Five months since you left...
I’ve just hit the fifth month without Ben, and I’ll
be honest, I thought by now I’d be a bit further on with my 'grief journey'….
When I’m fact, I’m probably right at the beginning.
I’m writing this after two days of continuous crying, and when I
say continuous, I mean probably three hours of one day when I wasn’t crying and an
hour of the other day. I don’t think I’ve cried like that once in the whole
five months since Ben has been gone.
Grieving during lock down has been anything but normal. I’ve been
distracted by this absolute craziness we’ve all been living for the past few
months. I’ve been distracted by being a mum, teacher, caretaker, dinner lady..
And that’s just the kids.. I’m carer for my dad, who at times has found this
extremely difficult. On days I can get up to 11 phone calls a day from him..
I’ve exercised every single weekday with my friend via FaceTime. I’ve not
stopped…and I've also not worked, until last week when I made that step forward by returning to work. I’ve been in an actual bubble.
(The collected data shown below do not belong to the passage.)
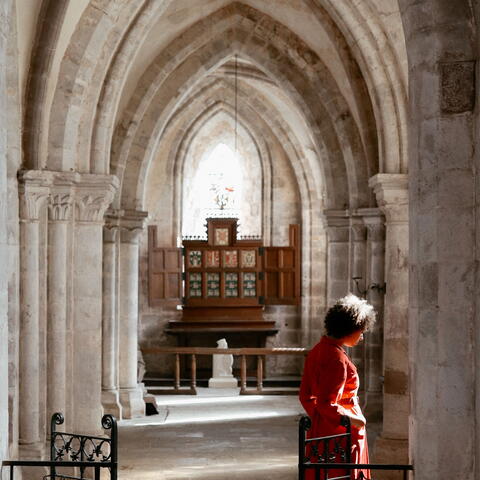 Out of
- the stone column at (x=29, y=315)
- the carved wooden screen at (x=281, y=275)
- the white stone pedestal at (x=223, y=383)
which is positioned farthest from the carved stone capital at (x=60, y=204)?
the carved wooden screen at (x=281, y=275)

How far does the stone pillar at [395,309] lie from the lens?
957cm

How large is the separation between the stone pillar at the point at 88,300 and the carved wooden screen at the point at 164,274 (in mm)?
7591

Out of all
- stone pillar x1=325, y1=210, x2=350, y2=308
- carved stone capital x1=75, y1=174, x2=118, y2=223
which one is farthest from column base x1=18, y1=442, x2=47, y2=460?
stone pillar x1=325, y1=210, x2=350, y2=308

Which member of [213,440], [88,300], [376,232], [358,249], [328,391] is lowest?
[213,440]

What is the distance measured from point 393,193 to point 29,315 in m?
3.93

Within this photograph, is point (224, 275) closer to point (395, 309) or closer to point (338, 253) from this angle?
point (338, 253)

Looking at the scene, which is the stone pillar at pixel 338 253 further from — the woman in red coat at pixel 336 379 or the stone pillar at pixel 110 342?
the woman in red coat at pixel 336 379

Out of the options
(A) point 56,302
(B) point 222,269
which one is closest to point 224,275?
(B) point 222,269

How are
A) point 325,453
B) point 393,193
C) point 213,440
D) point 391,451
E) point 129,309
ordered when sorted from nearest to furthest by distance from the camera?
1. point 325,453
2. point 391,451
3. point 393,193
4. point 213,440
5. point 129,309

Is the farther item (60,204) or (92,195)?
(92,195)

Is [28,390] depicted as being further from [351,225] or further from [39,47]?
[351,225]

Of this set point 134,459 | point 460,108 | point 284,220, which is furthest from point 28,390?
point 284,220

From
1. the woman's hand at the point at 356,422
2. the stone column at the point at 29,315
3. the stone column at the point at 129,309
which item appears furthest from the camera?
the stone column at the point at 129,309

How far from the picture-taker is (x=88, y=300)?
951 centimetres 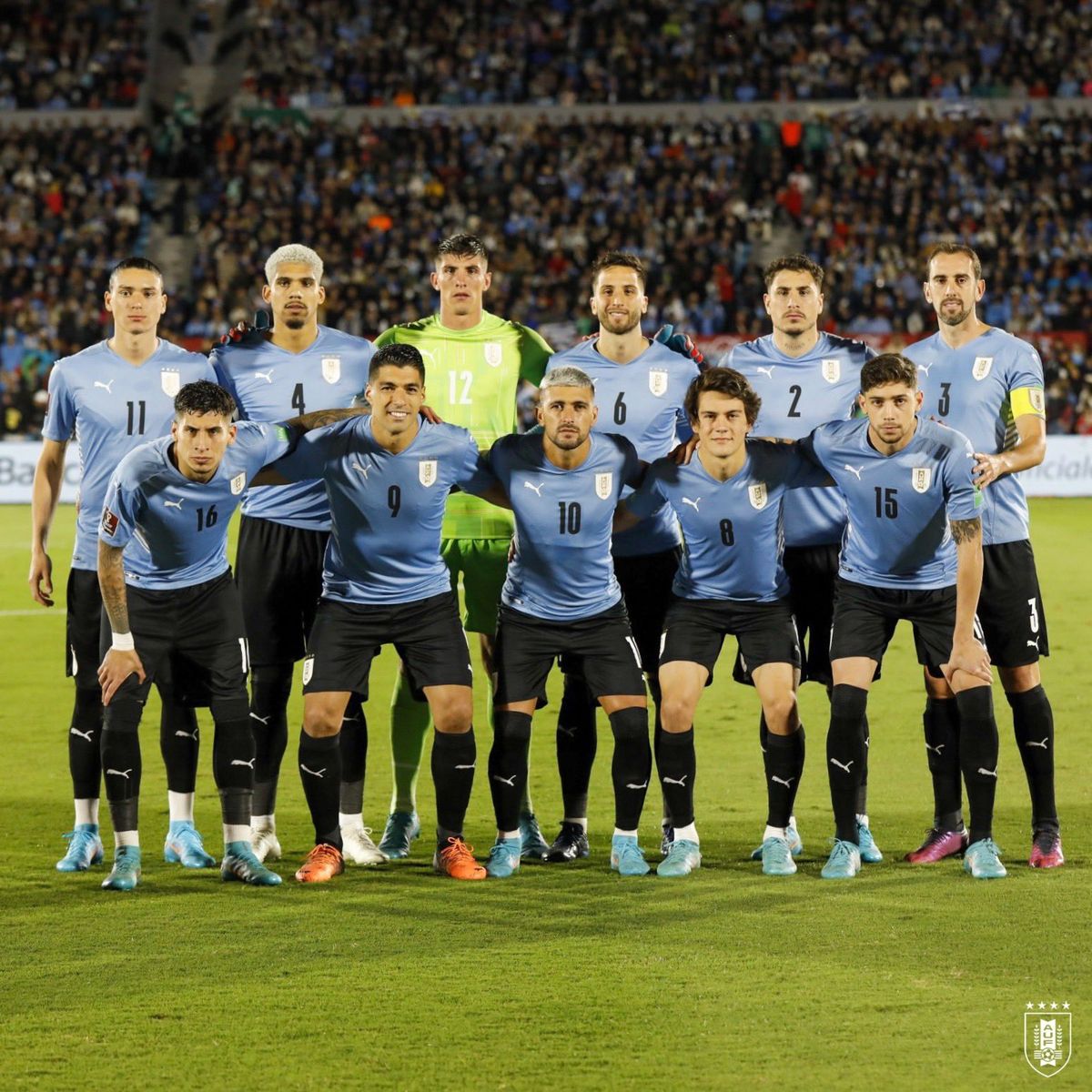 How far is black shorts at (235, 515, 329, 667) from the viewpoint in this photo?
6.55 m

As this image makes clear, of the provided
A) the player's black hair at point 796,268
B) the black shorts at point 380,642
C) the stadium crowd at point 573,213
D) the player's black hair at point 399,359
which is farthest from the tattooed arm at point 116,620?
the stadium crowd at point 573,213

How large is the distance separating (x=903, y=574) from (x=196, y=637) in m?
2.58

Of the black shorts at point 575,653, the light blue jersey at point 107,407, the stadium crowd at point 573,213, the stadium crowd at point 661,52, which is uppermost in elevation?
the stadium crowd at point 661,52

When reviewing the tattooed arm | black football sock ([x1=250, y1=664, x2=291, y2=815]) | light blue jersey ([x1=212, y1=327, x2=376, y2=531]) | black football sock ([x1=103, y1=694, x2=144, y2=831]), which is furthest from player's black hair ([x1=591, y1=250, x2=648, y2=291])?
black football sock ([x1=103, y1=694, x2=144, y2=831])

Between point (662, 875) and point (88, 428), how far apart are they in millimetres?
2775

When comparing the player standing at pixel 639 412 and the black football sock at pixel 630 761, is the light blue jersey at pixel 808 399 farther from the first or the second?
the black football sock at pixel 630 761

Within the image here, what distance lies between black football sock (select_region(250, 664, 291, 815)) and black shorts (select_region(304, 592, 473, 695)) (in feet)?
1.51

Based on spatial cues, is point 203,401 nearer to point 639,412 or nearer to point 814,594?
point 639,412

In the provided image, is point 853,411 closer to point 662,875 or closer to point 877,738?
point 662,875

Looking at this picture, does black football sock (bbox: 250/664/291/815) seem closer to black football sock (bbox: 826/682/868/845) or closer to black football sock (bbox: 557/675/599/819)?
black football sock (bbox: 557/675/599/819)

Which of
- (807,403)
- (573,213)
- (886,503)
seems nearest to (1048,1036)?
(886,503)

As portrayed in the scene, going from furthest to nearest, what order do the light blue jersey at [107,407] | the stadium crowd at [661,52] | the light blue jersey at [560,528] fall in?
the stadium crowd at [661,52] < the light blue jersey at [107,407] < the light blue jersey at [560,528]

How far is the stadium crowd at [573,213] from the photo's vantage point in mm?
26500

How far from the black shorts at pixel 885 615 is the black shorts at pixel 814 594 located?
1.33 feet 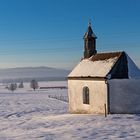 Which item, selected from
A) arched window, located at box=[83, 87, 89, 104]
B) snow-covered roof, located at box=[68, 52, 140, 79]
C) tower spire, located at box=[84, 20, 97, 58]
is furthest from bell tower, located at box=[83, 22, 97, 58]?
arched window, located at box=[83, 87, 89, 104]

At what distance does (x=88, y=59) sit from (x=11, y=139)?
1531 centimetres

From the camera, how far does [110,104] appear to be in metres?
26.0

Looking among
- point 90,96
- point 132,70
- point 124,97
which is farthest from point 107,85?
point 132,70

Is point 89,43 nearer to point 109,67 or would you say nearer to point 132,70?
point 109,67

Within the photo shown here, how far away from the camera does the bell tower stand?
1253 inches

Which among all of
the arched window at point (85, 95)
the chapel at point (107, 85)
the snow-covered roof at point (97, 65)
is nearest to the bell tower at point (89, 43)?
the snow-covered roof at point (97, 65)

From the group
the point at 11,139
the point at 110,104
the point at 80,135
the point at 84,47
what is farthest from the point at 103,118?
the point at 84,47

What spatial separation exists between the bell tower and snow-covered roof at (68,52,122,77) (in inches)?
29.1

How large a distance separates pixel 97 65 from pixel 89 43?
12.3 ft

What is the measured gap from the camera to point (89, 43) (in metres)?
32.0

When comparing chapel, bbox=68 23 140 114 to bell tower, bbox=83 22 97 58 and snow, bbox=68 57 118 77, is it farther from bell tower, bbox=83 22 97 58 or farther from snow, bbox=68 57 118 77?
bell tower, bbox=83 22 97 58

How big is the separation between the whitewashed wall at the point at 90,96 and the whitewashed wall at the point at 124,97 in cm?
→ 73

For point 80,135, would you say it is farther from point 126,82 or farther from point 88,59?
point 88,59

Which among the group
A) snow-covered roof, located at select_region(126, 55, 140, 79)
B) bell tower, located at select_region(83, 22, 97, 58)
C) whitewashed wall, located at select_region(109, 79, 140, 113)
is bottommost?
whitewashed wall, located at select_region(109, 79, 140, 113) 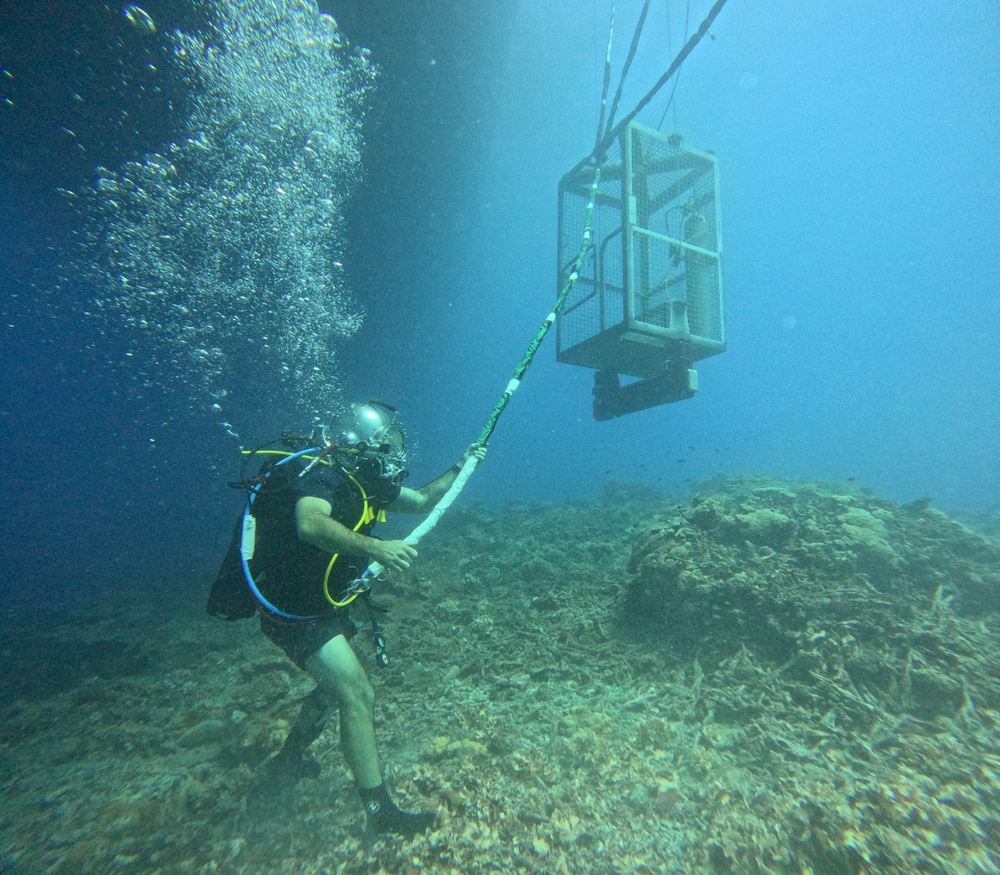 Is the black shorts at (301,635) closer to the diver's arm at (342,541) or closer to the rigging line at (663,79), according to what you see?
the diver's arm at (342,541)

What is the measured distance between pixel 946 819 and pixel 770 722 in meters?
1.17

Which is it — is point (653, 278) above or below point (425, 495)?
above

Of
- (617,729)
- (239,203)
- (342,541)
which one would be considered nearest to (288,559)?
(342,541)

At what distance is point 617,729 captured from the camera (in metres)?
3.69

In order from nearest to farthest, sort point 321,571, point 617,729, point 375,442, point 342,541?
1. point 342,541
2. point 321,571
3. point 375,442
4. point 617,729

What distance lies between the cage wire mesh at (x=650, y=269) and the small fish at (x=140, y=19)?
8.43 metres

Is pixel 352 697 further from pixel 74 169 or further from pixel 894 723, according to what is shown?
pixel 74 169

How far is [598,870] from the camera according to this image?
2.51m

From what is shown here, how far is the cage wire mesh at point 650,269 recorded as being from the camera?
290 inches

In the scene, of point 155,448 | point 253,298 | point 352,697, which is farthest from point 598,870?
point 155,448

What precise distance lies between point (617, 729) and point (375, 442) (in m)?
3.28

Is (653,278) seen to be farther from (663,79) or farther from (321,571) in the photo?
(321,571)

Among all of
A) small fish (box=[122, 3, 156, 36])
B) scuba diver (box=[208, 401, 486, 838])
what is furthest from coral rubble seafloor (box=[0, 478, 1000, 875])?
small fish (box=[122, 3, 156, 36])

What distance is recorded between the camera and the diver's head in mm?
3137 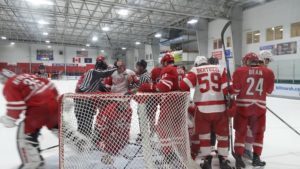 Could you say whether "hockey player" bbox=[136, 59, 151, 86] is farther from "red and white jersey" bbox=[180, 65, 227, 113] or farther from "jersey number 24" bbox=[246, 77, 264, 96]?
"jersey number 24" bbox=[246, 77, 264, 96]

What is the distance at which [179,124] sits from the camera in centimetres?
267

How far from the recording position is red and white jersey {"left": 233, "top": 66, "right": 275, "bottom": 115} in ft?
9.27

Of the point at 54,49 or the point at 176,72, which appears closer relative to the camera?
the point at 176,72

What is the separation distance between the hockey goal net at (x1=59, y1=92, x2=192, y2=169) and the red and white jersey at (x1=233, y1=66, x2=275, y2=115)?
67cm

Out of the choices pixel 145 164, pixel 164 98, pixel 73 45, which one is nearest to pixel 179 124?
pixel 164 98

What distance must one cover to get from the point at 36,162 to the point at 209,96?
1.70 m

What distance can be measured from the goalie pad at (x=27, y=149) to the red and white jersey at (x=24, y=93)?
18cm

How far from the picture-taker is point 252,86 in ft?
9.32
At times that bubble has been hell, for many reasons, but one is
that I’ve been unable to leave the house with so so so many wonderful, happy
memories, that are now just that. A memory. They won’t happen again, and I
can’t laugh and reminisce with that person about them.
It’s also a
house with Ben’s toothbrush still sitting next to mine, a house with the
emptiest, coldest bed, where I snuggle up to the jumper he wore the last night
I saw him, that just about still smells of him; alongside the t shirt that was
sent back from Hamburg that he was last wearing; and a pillow covered in
pictures of me and Ben smiling, loving life and each other. They are what I
snuggle up to now instead of the man that used to laugh with about how cold I
always am and how he’d always be there to warm me up - same way I’d cool
him down with my ice-cold feet, which we’d say was another reason we were made
for each other. I was the cold ying to his hot yang.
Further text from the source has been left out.